Virtual power plant enables marketing of flexible loads

From the company’s point of view, this means that it can avoid expensive, production-dependent peak loads, because these loads can be absorbed by the storage system. It also means that the loads will be made flexible through battery storage and can be marketed as a system service via a virtual power plant (VPP), which enables participation in the energy market.


Grid operators also benefit from this greater flexibility when compensating for voltage fluctuations that increasingly occur due to the expansion of renewable power generation. The solution also promises to substantially lighten the workload of grid operators: Switching Sinebrychoff’s large industrial plants on and off requires a tremendous amount of electricity, which the grid operator previously had to hold in reserve. If this is no longer necessary, it will create tremendous potential for reducing carbon emissions on the Finnish energy market in the future.

The new storage solution is ideal for beverage manufacturer Sinebrychoff because the company only has to provide the land for the storage system and otherwise has no responsibility for the investments. 

There are several obstacles that could obstruct the realization of the full potential of this kind of solution. Although the cost of battery storage has decreased significantly over the last decade and continues to fall, a system with a 20-megawatt output like the one belonging to the Finnish beverage producer still requires a significant upfront investment. And neither maintenance nor management of energy storage systems is part of the core business of an industrial enterprise, which means that it’s preferable to employ a third party to perform these tasks.


Along with its project partners, Siemens has come up with an innovative solution that eliminates these obstacles and supports Sinebrychoff in its efforts to become sustainable. The project is financed by Switzerland-based MW Storage International AG. This company specializes in integrating and operating storage facilities and, with its initial investment in the project, owns a major stake in the battery storage system.
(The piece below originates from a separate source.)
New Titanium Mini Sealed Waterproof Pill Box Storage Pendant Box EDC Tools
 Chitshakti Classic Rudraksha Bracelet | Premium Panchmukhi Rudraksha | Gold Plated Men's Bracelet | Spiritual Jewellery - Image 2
The new storage solution is ideal for beverage manufacturer Sinebrychoff because the company only has to provide the land for the storage system and otherwise has no responsibility for the investments. As a result, the solution poses no investment risk for the industrial enterprise. For the investors, on the other hand, the storage project will lead to the creation of a sustainable virtual power plant.

Many participants – one contract partner

Several different companies are bringing their subject matter expertise to the project’s implementation. The storage solution – a 20-megawatt Gridstack system – comes from Fluence, a joint venture of Siemens and AES. The Finnish national grid operator Fingrid and Vibeco are also involved. Vibeco is a Finnish specialist in virtual power plants (VPPs) and a subsidiary of Siemens. The company is developing the trading platform that will allow participation in the energy market.

This innovative model developed by Siemens and its partners is an ideal all-in-one solution.
Pasi Lehtinen, Vice President Supply Chain at Sinebrychoff

Siemens Financial Services established the financial and legal framework, was heavily involved in the development of the business model, and supported the setup of the virtual power plant through intelligent financing. Siemens is also responsible for the construction of a medium-voltage switchgear and the high-voltage grid connection.

Despite the many participants, Sinebrychoff has only one contract partner for the project that is guaranteeing a turnkey solution: Siemens. “This innovative model developed by Siemens and its partners is an ideal all-in-one solution,” says Pasi Lehtinen, Vice President Supply Chain at Sinebrychoff.

We see this kind of turnkey solution as the model of the future for various industries, including food and beverage.
Wilfried Karl, CEO of MW Storage International

Wilfried Karl, CEO of MW Storage International, is convinced that this approach also has potential for many other industrial enterprises. “We see this kind of turnkey solution as the model of the future for various industries, including food and beverage. The companies benefit from the latest storage technology – from financial to ecological advantages – and from proven expertise and an attractive business model. What is more, these innovative solutions are contributing to reach decarbonization targets.”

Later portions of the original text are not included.